▸ Your instructions: A word-for-word copy of the line containing "Číslo obrázku produktu" and every following line to the end of the data below is all the answer should hold.

▸ Web page caption snippets:

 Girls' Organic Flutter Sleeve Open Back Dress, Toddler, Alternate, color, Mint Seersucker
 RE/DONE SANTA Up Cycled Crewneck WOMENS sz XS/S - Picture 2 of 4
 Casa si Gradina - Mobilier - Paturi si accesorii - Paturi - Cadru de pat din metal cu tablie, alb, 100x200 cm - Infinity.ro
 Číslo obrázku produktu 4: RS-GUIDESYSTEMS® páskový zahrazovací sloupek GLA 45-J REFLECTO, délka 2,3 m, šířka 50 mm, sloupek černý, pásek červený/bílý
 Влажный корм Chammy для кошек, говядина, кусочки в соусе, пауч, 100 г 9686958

▸ Answer box:
 Číslo obrázku produktu 4: RS-GUIDESYSTEMS® páskový zahrazovací sloupek GLA 45-J REFLECTO, délka 2,3 m, šířka 50 mm, sloupek černý, pásek červený/bílý
 Влажный корм Chammy для кошек, говядина, кусочки в соусе, пауч, 100 г 9686958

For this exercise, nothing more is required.